◆ TASK PROMPT:
Below are the entries. Set down exactly the line containing "Bei der Firstfeier" and each line after it.

[[ INFORMATION SHOWN open ]]

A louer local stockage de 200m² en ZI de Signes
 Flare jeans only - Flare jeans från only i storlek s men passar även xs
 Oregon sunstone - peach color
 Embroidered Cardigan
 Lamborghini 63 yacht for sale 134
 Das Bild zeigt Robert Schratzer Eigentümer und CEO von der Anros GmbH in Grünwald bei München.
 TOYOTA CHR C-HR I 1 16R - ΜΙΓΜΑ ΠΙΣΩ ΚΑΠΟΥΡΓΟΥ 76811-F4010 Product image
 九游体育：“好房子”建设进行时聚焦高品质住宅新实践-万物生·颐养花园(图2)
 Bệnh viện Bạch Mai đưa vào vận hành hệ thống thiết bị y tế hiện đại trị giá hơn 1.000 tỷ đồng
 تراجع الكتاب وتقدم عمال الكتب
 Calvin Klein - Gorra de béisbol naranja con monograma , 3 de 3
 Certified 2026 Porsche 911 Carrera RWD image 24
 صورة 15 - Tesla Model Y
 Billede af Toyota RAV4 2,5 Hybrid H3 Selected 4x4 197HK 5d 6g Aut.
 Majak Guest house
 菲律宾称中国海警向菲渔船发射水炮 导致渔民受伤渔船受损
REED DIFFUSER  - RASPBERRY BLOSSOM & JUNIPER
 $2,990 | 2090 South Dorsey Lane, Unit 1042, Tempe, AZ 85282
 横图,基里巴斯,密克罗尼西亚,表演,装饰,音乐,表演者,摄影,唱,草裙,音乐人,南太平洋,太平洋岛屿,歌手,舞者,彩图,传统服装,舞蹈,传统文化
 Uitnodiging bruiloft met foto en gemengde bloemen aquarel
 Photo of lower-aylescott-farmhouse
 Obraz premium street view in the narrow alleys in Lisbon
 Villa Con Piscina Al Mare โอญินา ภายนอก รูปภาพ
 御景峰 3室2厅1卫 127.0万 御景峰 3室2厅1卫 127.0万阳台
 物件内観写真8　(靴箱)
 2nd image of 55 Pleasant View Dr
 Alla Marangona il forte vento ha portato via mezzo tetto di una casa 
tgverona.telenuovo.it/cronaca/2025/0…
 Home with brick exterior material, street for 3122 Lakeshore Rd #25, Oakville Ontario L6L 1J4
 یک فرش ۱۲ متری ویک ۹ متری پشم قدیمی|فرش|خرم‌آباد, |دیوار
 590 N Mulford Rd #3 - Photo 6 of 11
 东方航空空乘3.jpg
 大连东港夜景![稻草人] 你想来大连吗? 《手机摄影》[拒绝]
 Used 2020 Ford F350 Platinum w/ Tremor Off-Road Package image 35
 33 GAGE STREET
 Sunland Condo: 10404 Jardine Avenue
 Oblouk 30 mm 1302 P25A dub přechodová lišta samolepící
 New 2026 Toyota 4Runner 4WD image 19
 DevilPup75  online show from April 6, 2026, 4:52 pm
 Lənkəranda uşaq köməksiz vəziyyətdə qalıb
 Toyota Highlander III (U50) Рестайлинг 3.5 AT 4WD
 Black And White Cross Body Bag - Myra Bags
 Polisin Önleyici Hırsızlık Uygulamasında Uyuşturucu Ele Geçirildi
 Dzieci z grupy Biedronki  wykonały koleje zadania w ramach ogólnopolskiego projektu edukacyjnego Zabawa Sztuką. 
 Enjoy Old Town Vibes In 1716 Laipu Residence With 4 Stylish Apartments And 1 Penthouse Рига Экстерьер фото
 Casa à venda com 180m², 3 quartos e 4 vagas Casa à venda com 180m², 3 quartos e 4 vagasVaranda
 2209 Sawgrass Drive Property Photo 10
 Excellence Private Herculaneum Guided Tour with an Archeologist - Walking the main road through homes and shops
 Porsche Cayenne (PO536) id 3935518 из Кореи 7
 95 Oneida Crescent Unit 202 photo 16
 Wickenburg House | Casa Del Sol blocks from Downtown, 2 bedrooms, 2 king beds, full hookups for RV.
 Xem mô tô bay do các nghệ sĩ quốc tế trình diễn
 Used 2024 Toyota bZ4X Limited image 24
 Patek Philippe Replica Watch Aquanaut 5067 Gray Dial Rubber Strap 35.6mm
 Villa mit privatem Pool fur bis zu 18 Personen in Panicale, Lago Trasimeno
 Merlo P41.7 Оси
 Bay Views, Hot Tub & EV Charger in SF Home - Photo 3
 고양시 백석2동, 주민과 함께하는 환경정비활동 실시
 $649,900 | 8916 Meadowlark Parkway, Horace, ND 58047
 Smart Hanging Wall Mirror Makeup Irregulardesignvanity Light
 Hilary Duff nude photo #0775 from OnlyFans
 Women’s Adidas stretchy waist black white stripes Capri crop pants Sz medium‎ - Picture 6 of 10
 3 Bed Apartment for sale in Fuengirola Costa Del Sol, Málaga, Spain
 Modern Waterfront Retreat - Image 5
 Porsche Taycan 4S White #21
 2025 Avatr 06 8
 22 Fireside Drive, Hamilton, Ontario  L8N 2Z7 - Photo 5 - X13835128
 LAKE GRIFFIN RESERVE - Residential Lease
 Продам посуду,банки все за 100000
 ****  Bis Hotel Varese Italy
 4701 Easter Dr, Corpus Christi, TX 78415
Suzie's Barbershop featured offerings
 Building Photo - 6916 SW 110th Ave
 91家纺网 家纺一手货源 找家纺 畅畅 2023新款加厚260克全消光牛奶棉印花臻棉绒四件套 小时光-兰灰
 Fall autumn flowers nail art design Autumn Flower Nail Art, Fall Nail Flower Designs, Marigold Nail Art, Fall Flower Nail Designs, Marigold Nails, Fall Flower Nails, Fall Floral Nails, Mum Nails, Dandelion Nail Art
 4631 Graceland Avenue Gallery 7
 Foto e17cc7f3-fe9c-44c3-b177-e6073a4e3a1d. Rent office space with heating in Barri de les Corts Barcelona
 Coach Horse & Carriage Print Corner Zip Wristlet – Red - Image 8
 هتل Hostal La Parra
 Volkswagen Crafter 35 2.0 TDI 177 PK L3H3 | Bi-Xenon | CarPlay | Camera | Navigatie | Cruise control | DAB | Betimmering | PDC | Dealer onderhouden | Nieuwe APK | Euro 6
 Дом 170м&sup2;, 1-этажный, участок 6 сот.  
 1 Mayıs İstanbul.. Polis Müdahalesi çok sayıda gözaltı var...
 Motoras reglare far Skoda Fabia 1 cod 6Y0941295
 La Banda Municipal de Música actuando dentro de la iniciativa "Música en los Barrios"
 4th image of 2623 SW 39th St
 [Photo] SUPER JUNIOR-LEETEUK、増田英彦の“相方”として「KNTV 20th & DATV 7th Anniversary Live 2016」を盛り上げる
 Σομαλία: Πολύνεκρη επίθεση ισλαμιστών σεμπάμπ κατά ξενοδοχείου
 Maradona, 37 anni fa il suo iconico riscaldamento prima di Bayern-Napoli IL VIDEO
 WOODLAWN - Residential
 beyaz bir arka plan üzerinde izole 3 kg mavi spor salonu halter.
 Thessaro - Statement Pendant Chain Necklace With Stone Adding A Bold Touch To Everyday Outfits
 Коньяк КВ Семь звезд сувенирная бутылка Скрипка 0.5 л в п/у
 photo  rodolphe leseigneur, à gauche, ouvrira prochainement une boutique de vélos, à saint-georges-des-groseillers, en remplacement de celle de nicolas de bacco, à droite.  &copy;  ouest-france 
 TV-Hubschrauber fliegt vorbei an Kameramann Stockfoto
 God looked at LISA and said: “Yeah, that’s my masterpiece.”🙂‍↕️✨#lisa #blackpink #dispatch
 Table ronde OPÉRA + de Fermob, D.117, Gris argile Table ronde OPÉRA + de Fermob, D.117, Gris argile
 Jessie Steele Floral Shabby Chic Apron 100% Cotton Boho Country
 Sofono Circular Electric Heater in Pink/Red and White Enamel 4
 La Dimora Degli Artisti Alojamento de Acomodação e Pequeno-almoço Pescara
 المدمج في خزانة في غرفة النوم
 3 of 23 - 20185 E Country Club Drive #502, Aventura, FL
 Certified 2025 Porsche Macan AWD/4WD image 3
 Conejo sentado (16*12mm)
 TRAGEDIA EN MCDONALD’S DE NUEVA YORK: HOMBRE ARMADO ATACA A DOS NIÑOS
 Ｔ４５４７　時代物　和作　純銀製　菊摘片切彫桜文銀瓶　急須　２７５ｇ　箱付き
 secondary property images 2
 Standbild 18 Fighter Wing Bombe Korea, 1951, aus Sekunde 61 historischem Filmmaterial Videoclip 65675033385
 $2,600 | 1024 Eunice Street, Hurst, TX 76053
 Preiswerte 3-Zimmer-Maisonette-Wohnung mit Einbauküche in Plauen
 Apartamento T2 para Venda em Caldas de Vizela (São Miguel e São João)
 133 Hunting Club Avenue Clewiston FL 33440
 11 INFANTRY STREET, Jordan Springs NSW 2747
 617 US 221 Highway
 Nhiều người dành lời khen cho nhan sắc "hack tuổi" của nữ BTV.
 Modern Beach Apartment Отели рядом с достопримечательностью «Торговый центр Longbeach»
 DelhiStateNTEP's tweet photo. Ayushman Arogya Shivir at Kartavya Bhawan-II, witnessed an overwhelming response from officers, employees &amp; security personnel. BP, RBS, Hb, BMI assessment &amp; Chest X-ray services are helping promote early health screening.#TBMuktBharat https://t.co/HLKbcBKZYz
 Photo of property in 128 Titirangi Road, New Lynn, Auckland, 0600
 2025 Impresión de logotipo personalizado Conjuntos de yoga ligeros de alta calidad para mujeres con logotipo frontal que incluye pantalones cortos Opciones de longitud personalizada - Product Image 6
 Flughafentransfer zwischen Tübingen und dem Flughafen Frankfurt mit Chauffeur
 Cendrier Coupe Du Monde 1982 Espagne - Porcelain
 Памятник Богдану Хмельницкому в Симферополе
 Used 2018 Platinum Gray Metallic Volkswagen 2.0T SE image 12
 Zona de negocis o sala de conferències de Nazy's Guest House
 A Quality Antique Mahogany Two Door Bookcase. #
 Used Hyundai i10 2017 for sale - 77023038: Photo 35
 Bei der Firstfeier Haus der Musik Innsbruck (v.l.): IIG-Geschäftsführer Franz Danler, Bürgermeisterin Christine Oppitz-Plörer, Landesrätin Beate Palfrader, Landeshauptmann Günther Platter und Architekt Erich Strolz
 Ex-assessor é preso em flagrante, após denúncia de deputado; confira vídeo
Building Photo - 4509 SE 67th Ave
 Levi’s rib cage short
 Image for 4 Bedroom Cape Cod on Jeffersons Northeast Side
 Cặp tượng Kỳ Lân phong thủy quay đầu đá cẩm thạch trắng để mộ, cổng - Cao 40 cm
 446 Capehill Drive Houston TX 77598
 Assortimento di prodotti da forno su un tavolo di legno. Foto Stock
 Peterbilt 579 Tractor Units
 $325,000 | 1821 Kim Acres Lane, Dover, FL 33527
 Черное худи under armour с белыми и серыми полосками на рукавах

[[ INFORMATION SHOWN closed ]]

◆ EXPECTED ANSWER:
 Bei der Firstfeier Haus der Musik Innsbruck (v.l.): IIG-Geschäftsführer Franz Danler, Bürgermeisterin Christine Oppitz-Plörer, Landesrätin Beate Palfrader, Landeshauptmann Günther Platter und Architekt Erich Strolz
 Ex-assessor é preso em flagrante, após denúncia de deputado; confira vídeo
Building Photo - 4509 SE 67th Ave
 Levi’s rib cage short
 Image for 4 Bedroom Cape Cod on Jeffersons Northeast Side
 Cặp tượng Kỳ Lân phong thủy quay đầu đá cẩm thạch trắng để mộ, cổng - Cao 40 cm
 446 Capehill Drive Houston TX 77598
 Assortimento di prodotti da forno su un tavolo di legno. Foto Stock
 Peterbilt 579 Tractor Units
 $325,000 | 1821 Kim Acres Lane, Dover, FL 33527
 Черное худи under armour с белыми и серыми полосками на рукавах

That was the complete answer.